Cuando vemos un fenómeno a diario, nos acostumbramos a él, y hasta lo añoramos cuando desaparece.
De todos es conocido que existen albergues gubernamentales donde el lumpen es recibido para su resocialización, que estas personas al rechazarlos no asisten prefiriendo continuar “en libertad” sin recordar que la libertad de alguien desaparece cuando viola la libertad de los otros.
Es lógico —y sabemos muy bien— que los derechos humanos son aplicables para todos los ciudadanos sin importar la condición humana en que vivan. Pero ¿es justo que los ciudadanos de a pie tengamos que soportar este fenómeno social, siendo que las autoridades también tienen obligaciones de protegernos?

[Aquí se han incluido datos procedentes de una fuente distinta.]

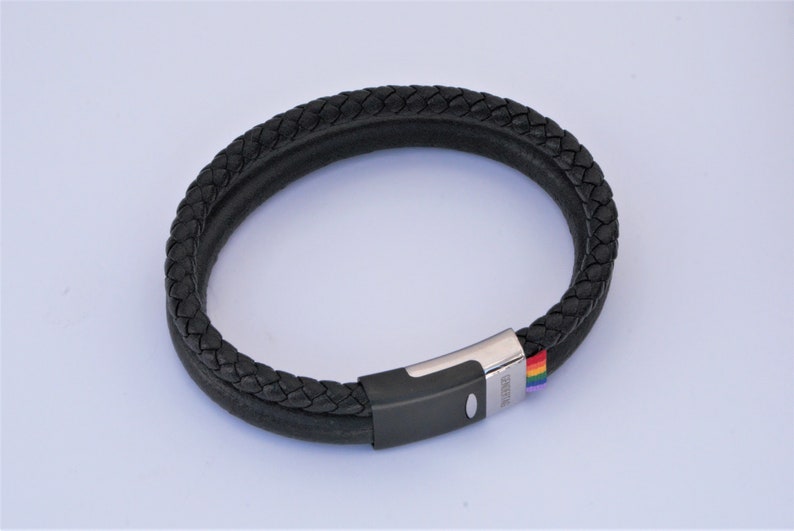 Gay pride bracelet, coming out gift, leather cord bracelet image 2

Dense un paseíto de incógnito y a pie, señores Alcaldes Mayor y Menor, sin que sus séquitos y guardaespaldas limpien previamente las aceras por donde van a caminar en el barrio Candelaria, y caminen frente al Ministerio de Agricultura o en la acera contigua a la calle séptima del parque del Museo del Oro para que vean la realidad y aspiren esos aromas, pero también provéanse de muchas monedas de 200 o 500 pesos en sus bolsillos para entregar a su paso la consabida dádiva que los salve de las agresiones verbales y de las puñaladas que puedan quitarles la vida.

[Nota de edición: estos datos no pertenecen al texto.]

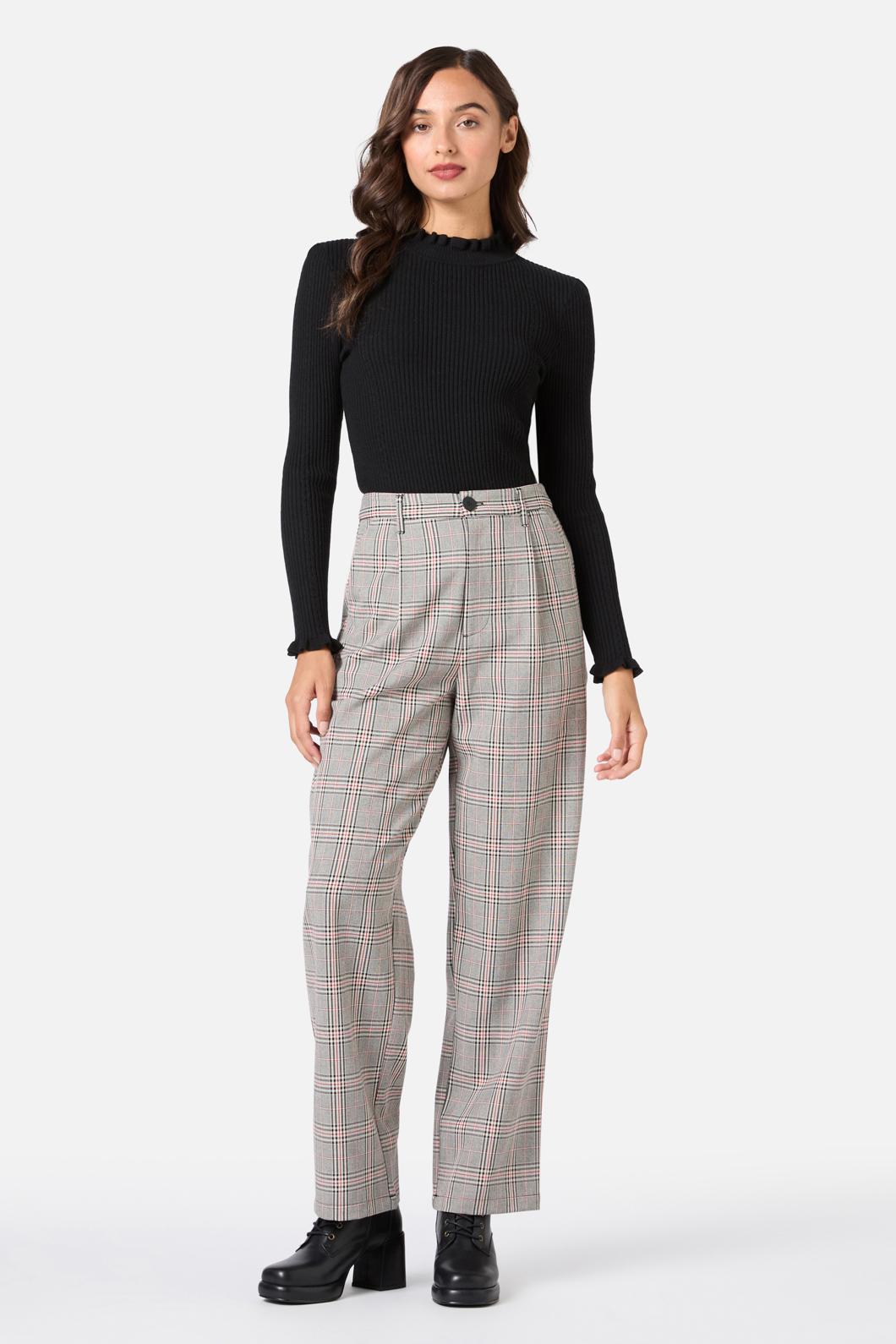 Princess Highway - Joe Check Tailored Pant - black-red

Ya es tiempo de tomar decisiones no represivas pero sí correctivas a este flagelo humano que a todos nos incomoda y hasta molesta, porque la mayoría queremos transitar por la carrera Séptima y calles aledañas sin temor, sin ser abordados, ultrajados y agredidos.
Y hay días en que somos tan lúgubres, tan lúgubres,
como en las noches lúgubres el llanto del pinar:
el alma gime entonces bajo el dolor del mundo,
y acaso ni Dios mismo nos pueda consolar.